Generative Agent Simulations of 1,000 People
Joon Sung Park, Carolyn Q. Zou, Aaron Shaw, Benjamin Mako Hill, Carrie Cai, Meredith Ringel Morris, Robb Willer, Percy Liang, Michael S. Bernstein
TL;DR
This work demonstrates that generative agents can faithfully simulate the attitudes and behaviors of over a thousand real individuals by grounding agents in two-hour AI-conducted interviews. By integrating interview transcripts with memory streams and expert reflections in a retrieval-augmented prompting framework, the authors achieve high fidelity to source participants across the General Social Survey core, Big Five personality traits, economic games, and replication experiments. Interview-informed agents outperform baselines and exhibit reduced demographic bias, validating a methodology for individual-level behavioral simulation and creating an accessible Agent Bank for future social science research. The study also lays out privacy-conscious access strategies and governance for sharing agent data, offering a scalable foundation for policy testing and theory development using AI-driven social simulations.
Abstract
The promise of human behavioral simulation--general-purpose computational agents that replicate human behavior across domains--could enable broad applications in policymaking and social science. We present a novel agent architecture that simulates the attitudes and behaviors of 1,052 real individuals--applying large language models to qualitative interviews about their lives, then measuring how well these agents replicate the attitudes and behaviors of the individuals that they represent.
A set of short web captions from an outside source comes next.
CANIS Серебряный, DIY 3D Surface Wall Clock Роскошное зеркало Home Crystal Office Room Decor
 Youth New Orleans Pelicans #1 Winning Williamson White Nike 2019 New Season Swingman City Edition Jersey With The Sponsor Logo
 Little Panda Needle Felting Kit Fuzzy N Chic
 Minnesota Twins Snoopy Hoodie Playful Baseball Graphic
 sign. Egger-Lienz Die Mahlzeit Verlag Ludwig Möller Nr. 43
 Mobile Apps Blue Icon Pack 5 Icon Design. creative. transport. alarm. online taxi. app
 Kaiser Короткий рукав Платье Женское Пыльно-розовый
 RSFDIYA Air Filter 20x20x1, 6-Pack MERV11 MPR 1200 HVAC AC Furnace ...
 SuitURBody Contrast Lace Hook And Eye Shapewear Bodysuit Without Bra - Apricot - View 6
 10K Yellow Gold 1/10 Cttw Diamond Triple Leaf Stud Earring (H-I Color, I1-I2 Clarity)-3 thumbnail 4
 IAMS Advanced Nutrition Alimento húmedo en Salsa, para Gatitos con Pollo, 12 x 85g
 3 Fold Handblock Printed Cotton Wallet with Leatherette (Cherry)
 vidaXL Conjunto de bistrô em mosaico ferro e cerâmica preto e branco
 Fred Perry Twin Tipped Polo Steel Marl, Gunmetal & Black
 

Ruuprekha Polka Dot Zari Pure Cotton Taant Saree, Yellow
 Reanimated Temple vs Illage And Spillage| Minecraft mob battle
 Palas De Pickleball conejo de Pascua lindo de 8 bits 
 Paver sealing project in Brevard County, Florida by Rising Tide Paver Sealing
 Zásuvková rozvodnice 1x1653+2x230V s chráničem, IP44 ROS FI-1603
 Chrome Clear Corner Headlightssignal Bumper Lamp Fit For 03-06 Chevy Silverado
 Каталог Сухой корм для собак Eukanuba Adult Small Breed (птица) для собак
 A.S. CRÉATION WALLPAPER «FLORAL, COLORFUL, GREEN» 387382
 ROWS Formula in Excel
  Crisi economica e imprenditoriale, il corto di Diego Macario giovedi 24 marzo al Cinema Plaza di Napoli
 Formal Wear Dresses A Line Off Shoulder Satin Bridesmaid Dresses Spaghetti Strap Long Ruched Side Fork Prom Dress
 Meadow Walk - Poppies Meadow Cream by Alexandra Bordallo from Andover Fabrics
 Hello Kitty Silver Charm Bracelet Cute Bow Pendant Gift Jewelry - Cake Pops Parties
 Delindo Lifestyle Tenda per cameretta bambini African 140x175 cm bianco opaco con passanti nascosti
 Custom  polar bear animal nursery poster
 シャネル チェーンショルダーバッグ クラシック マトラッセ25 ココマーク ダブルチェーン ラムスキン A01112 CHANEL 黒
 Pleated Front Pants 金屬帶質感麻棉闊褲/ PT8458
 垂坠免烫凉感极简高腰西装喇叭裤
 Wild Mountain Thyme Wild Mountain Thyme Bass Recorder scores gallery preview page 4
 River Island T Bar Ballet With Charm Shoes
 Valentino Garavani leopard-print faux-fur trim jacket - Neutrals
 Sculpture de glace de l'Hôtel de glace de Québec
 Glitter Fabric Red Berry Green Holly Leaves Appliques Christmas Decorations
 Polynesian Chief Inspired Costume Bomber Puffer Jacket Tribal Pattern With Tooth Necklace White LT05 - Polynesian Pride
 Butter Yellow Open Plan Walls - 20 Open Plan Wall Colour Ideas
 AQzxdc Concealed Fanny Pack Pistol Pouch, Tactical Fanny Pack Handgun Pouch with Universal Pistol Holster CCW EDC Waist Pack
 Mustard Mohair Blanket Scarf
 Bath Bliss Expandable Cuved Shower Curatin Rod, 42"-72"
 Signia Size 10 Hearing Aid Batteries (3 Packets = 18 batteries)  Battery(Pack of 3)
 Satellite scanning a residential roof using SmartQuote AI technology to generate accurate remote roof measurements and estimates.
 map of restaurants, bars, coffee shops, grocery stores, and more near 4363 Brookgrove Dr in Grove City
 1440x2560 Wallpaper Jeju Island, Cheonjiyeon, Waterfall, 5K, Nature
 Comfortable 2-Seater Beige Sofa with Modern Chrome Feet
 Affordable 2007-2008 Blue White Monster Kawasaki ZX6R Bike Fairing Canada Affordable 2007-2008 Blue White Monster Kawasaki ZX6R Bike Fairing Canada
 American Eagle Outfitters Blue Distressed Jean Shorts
The generative agents replicate participants' responses on the General Social Survey 85% as accurately as participants replicate their own answers two weeks later, and perform comparably in predicting personality traits and outcomes in experimental replications. Our architecture reduces accuracy biases across racial and ideological groups compared to agents given demographic descriptions. This work provides a foundation for new tools that can help investigate individual and collective behavior.